[Exercise details]: Find the line with "PDF Model Based" and the line with "Pack of 15 Child" in the entries below; output exactly those two lines, every line between them, and no others.

[Information]:
⟨
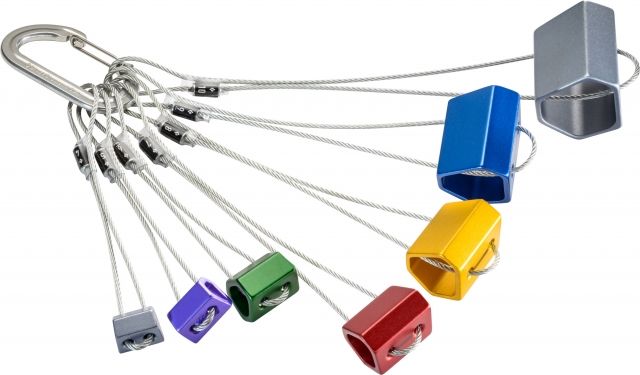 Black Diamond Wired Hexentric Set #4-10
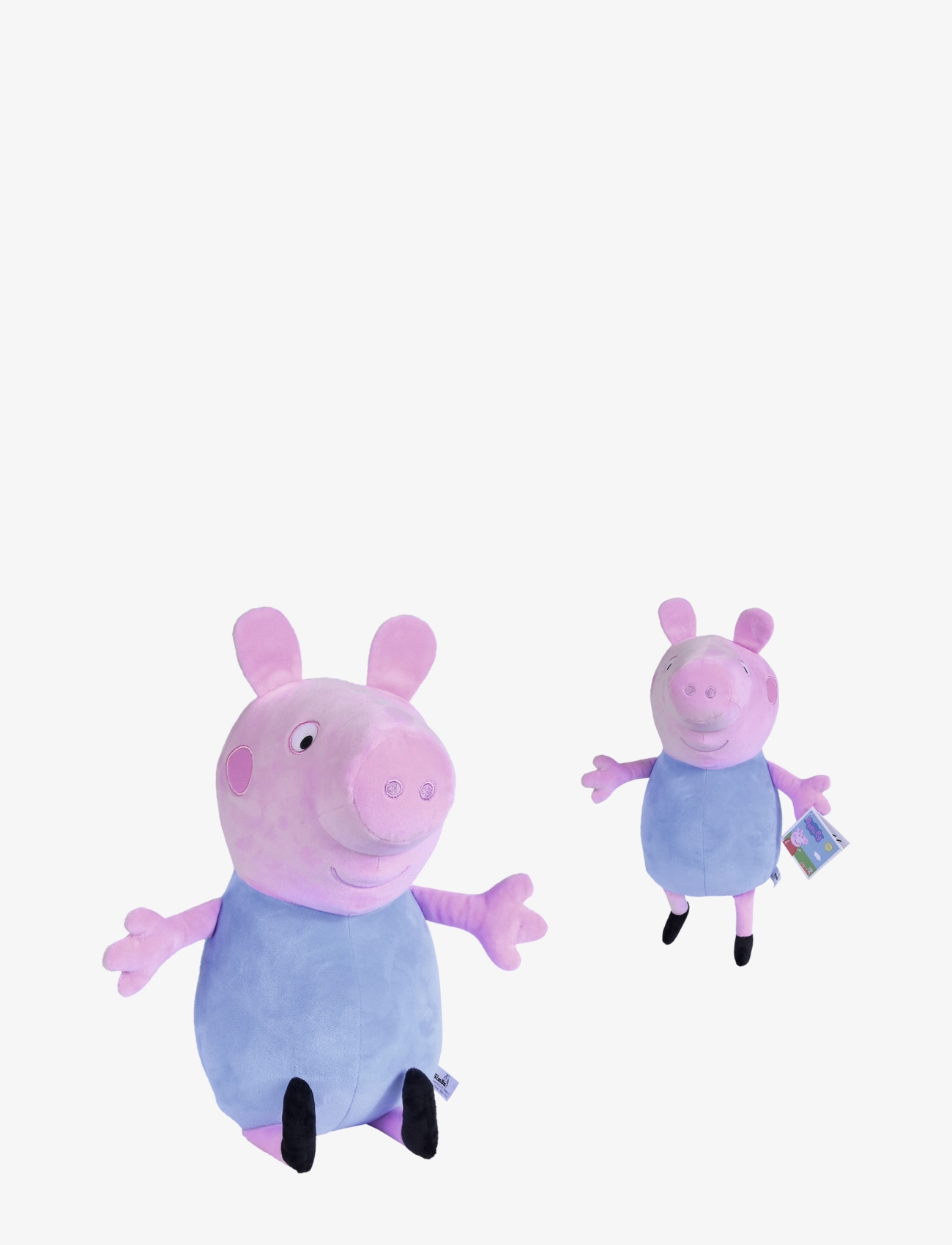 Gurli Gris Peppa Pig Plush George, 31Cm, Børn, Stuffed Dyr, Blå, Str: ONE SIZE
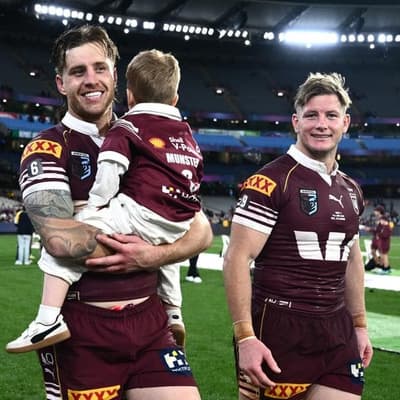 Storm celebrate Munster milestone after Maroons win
⟩
⟨
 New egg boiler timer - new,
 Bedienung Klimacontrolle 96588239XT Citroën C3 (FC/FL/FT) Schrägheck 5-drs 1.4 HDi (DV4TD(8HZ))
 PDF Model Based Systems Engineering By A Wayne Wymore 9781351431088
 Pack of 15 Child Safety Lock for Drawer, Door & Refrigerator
⟩
[Response to the exercise]:
 PDF Model Based Systems Engineering By A Wayne Wymore 9781351431088
 Pack of 15 Child Safety Lock for Drawer, Door & Refrigerator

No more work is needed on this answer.